A: (I did actually have someone ask this question verbatim last week, and they used the phrase “less puny” which I thought was pretty funny. I asked her about that particular choice of words, and what she specifically meant was she wanted to be able to things which require strength, but did not want to necessarily end up looking like She-Hulk.) Good news! Not only will you not turn into a green-skinned She-Hulk by doing calisthenics exercises, you can get started right now and not buy a darned thing! I absolutely love that about the ideas in Convict Conditioning. My friend who asked this question is wanting to eventually do legit full push ups, and is currently able to do them from the knees. After our discussion, she’s going to be continuing to work on the pushups, but with straight legs and with her hands raised on a bench height, and instead of doing a bunch of crunches, she’s now working on intense plank practice, cross-core coordination exercises from a crawling (knees off the floor, only hands and toes down, knees are bent though) position. She’s also working on the first step towards pull ups from Convict Conditioning. It’s all great stuff and she can get it all done at home!

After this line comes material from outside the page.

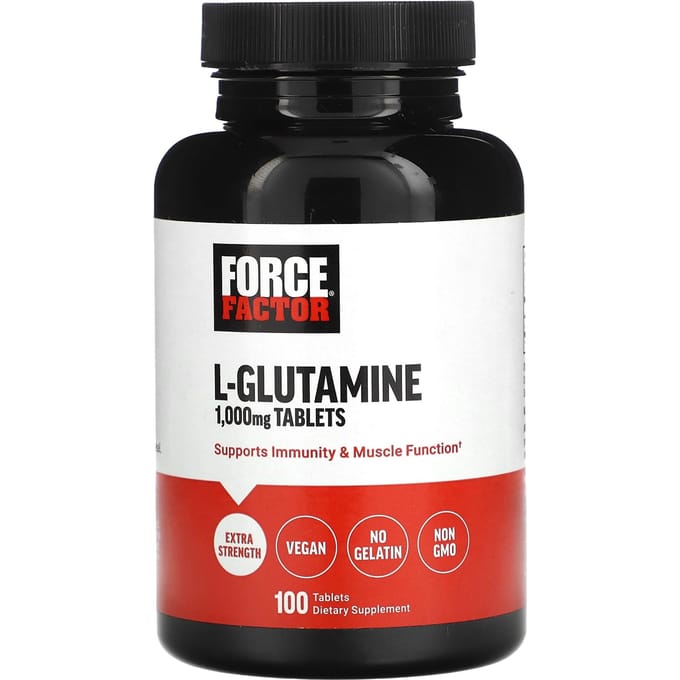 Force Factor, comprimés de L-glutamine, 1 000 mg, 100 comprimés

Q: How do I get rid of THIS!?!? (Person asking question grabs their tricep area and shakes vigorously while scowling)
A: By making the tricep a little bigger, and dialing in your food! Tricep-activating exercises like dips, “self assisted” at first (keep your feet under you, applying just enough “help” to get you moving) or with a band or training partner can also help. Also working on push ups or the “chaturanga” set of movements in yoga will go a long way. But cleaning up the diet, getting rid of excess sugars, alcohol etc. seems to speed this process amazingly. Personally, a low carb Primal Blueprint-like food approach works great for me. Find what is sustainable and works for you!

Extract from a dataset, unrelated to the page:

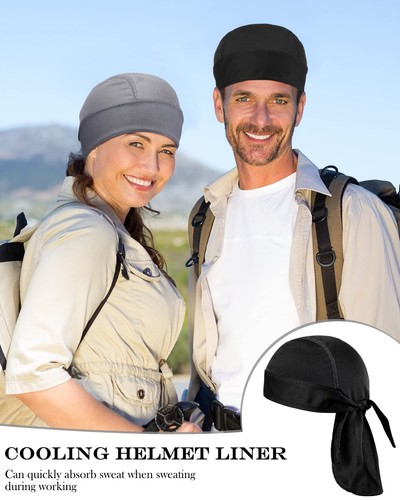 8 Pack Do Rag Skull Caps for Men Sweat Wicking Doo Rags Cooling Helmet Liner ... - Picture 6 of 7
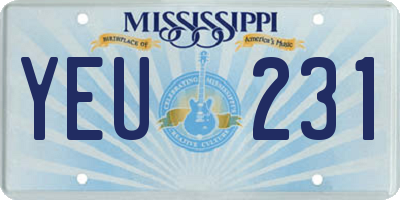 MS license plate YEU231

Q: What do kettlebells do to your arms?
A: As discussed above, they can really develop and shape the forearms, develop a nice solid grip, and assist in both building muscle and reducing fat. All these things lead to nice shapely arms for all genders! HURRAH! Sometimes women get concerned that kettlebells might make their arms “too big” in that case it’s important to see what’s going on with body composition – are the newly activated arm muscles really getting that “big” or are they simply appearing that way due to a layer of extra body fat. The truth of the matter is, it’s usually a body fat issue. HOWEVER… that’s not always the case. Defined muscles on women is still (surprisingly) kind of shocking to some people (women included) outside of the fitness industry. What I think of as “normal and healthy looking” isn’t the same as what is seen on TV, movies, and those dreaded “women’s magazines”. So many times the female arms displayed in mainstream media have hardly any muscle at all — and if that’s the goal, kettlebells may work against you. I would encourage you however to closely examine those ideals and consider how good muscle tone and a little development can help us stay young looking for longer and longer. Besides – all extra muscle burns more fat and helps us maintain the beautiful, healthy, strong and active bodies that allow for fun and adventurous lives!

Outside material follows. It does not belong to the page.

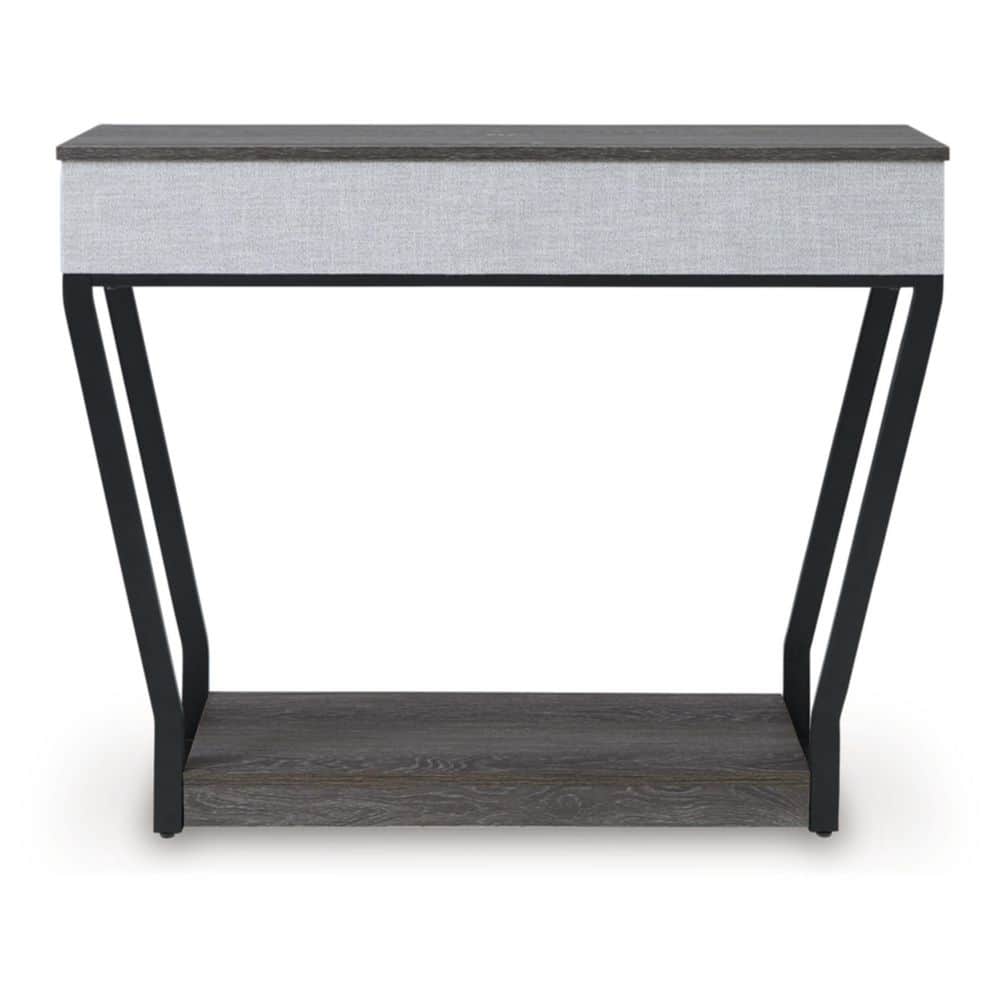 Gray and Black Rectangular Console Sofa Table with Storage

*Extensor work–you know those big rubber bands you get on all the fresh organic broccoli I know you’re buying? Those are GREAT to counteract some of that grip work. Just place the rubber band around your thumb and fingertips then gently stretch the band using only those fingers. The other thing you can do is to perform careful fingertip push ups (from the feet or from the knees, or even just holding that top position from feet or knees). Be gentle with those little muscles and tendons of the hands while working to keep them in balance. Trust me it’s worth it!!